Following several strong winter storms that brought snowpack and precipitation to above average levels, the California Department of Water Resources (DWR) announced on March 20 an increase to the 2019 State Water Project (SWP) allocation. Most SWP contractors will now receive 70 percent of their requests for the 2019 calendar year, an increase from the 35 percent allocation announced in February.

“Just ten weeks ago it looked like we may have been facing another dry year in California,” said DWR Director Karla Nemeth. “Fortunately, we’ve turned a corner and now it’s shaping up to be a great year for water supply. California’s hydrology varies year to year, which is why all Californians must work together to use water wisely.”

The allocation is assessed monthly and the final allocation is typically determined in May. Last year’s final allocation was 35 percent.

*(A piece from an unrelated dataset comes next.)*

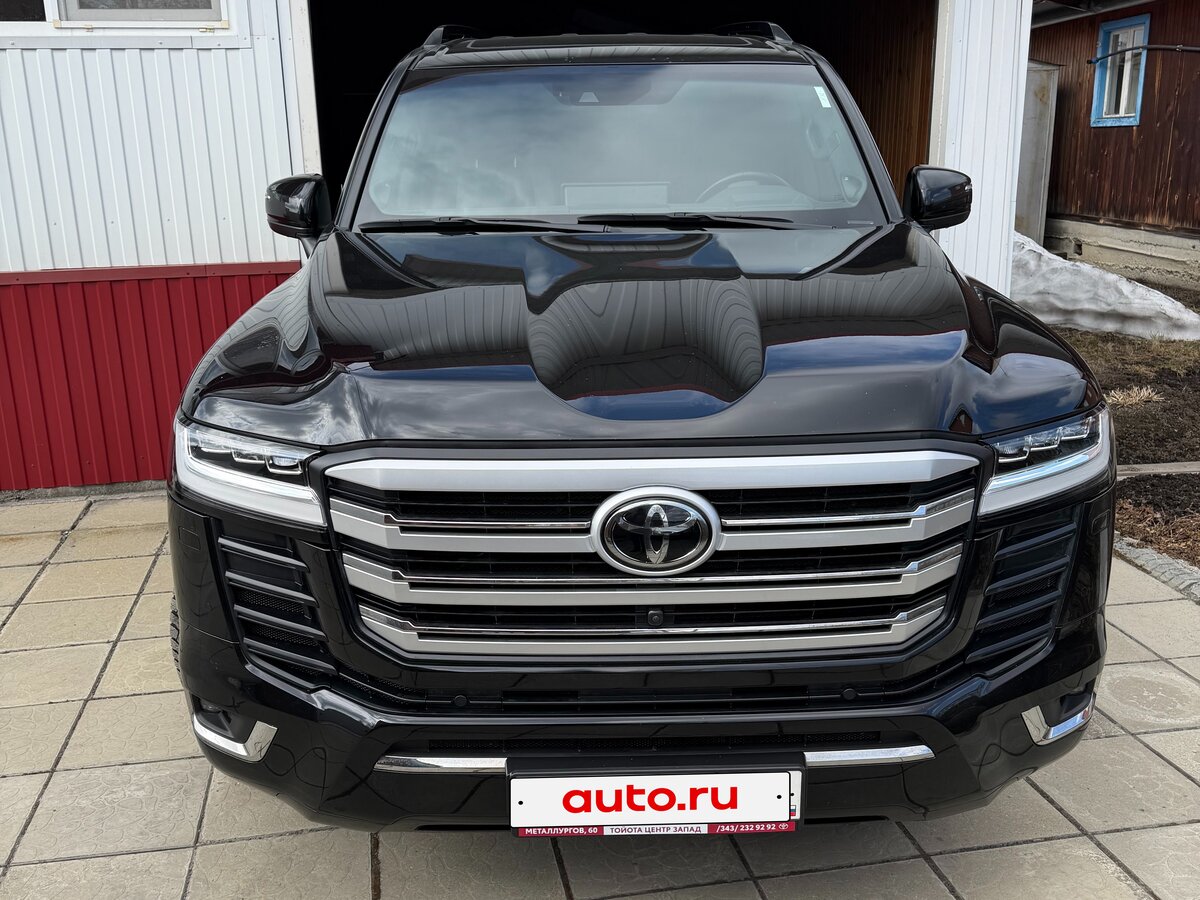 Toyota Land Cruiser 300 Series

As of March 7, the Northern Sierra 8-station index recorded above average precipitation for water year 2019. While the state has not reached record precipitation like that seen in 2017, February was the third wettest recorded in the Northern Sierra index since 1921 and the sixth wettest in the San Joaquin index since 1913. The statewide Sierra snowpack is 156 percent of average for this date.

Most of the state’s major reservoirs are at or above their historical averages for this time of year. Lake Oroville, the SWP’s largest reservoir, is currently at 76 percent of capacity and 103 percent of average for this time of year. Shasta Lake, the Central Valley Project’s (CVP) largest reservoir, is at 83 percent of capacity and 106 percent of average. San Luis Reservoir, the largest off-stream reservoir in the United States where water is stored for the SWP and CVP, is at 99 percent of capacity and 112 percent of average. In Southern California, SWP’s Castaic Lake is at 81 percent of capacity and 92 percent of average.

Reservoir storage, snowpack, precipitation, and releases to meet water supply and environmental demands are among several factors used in determining allocations.

DWR transports SWP water to 29 SWP contractors which serve more than 27 million Californians and 750,000 acres of farmland. The 2019 allocation of 70 percent amounts to 2,942,158 acre-feet of water.

DWR’s California Data Exchange Center website shows current water conditions at the state’s largest reservoirs and weather stations and measures current rain and snow precipitation.